Winemaker Notes
A well-structured, long-lived wine with intense garnet red color. The aroma is intense and fruity with notes of cherry and prune and pleasant tones of cinnamon and toasted hazelnuts. The taste is austere, full, harmonious and pleasantly tannic, with a persistent finish.
Professional Ratings
-
James Suckling
Roses, blueberries and a touch of cedar. The medium- to full-bodied palate is refined, with fine-grained tannins that turn grippy towards the end, but there’s a wonderful thread of acidity, complemented by evenly distributed, fleshy fruit. Needs a couple of years to soften. Try from 2027.
-
Wilfred Wong of Wine.com
The 2021 Rocca Giovanni BAROLO presents an attractive brick-red color; intoxicating aromas of just-picked blackberries rise from the glass; firm and penetrating on the palate with an undercurrent of polished smoothness; finishes with lacey berry notes that linger with quiet authority—calling for a heroic Piemontese pairing of brasato al Barolo with white truffle over tajarin, where slow-braised beef, silk-thin egg pasta, and the haunting perfume of truffle meet the wine’s structure and depth, each element elevating the other into something timeless and profoundly satisfying. (Tasted: April 6, 2026, San Francisco, CA)
-
Wine Spectator
Camphor and tar notes surround a core of cherry and plum in this muscular red. This is fresh, and the fruit component persists on the finish. Needs a few years to absorb the tannins.
Responsible for some of the most elegant and age-worthy wines in the world, Nebbiolo, named for the ubiquitous autumnal fog (called nebbia in Italian), is the star variety of northern Italy’s Piedmont region. Grown throughout the area, as well as in the neighboring Valle d’Aosta and Valtellina, it reaches its highest potential in the Piedmontese villages of Barolo, Barbaresco and Roero. Outside of Italy, growers are still very much in the experimentation stage but some success has been achieved in parts of California. Somm Secret—If you’re new to Nebbiolo, start with a charming, wallet-friendly, early-drinking Langhe Nebbiolo or Nebbiolo d'Alba.
The center of the production of the world’s most exclusive and age-worthy red wines made from Nebbiolo, the Barolo wine region includes five core townships: La Morra, Monforte d’Alba, Serralunga d’Alba, Castiglione Falletto and the Barolo village itself, as well as a few outlying villages. The landscape of Barolo, characterized by prominent and castle-topped hills, is full of history and romance centered on the Nebbiolo grape. Its wines, with the signature “tar and roses” aromas, have a deceptively light garnet color but full presence on the palate and plenty of tannins and acidity. In a well-made Barolo wine, one can expect to find complexity and good evolution with notes of, for example, strawberry, cherry, plum, leather, truffle, anise, fresh and dried herbs, tobacco and violets.
There are two predominant soil types here, which distinguish Barolo from the lesser surrounding areas.

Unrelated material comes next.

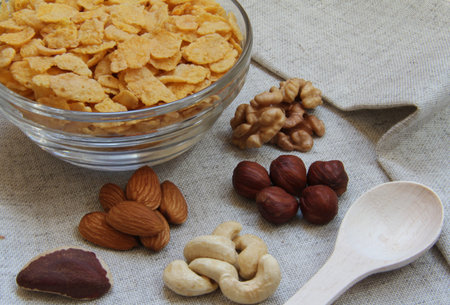 Natural corn flakes with nuts on natural fabric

Compact and fertile Tortonian sandy marls define the vineyards farthest west and at higher elevations. Typically the Barolo wines coming from this side, from La Morra and Barolo, can be approachable relatively early on in their evolution and represent the “feminine” side of Barolo, often closer in style to Barbaresco with elegant perfume and fresh fruit.
On the eastern side of the Barolo wine region, Helvetian soils of compressed sandstone and chalks are less fertile, producing wines with intense body, power and structured tannins. This more “masculine” style comes from Monforte d’Alba and Serralunga d’Alba. The township of Castiglione Falletto covers a spine with both soil types.
The best Barolo wines need 10-15 years before they are ready to drink, and can further age for several decades.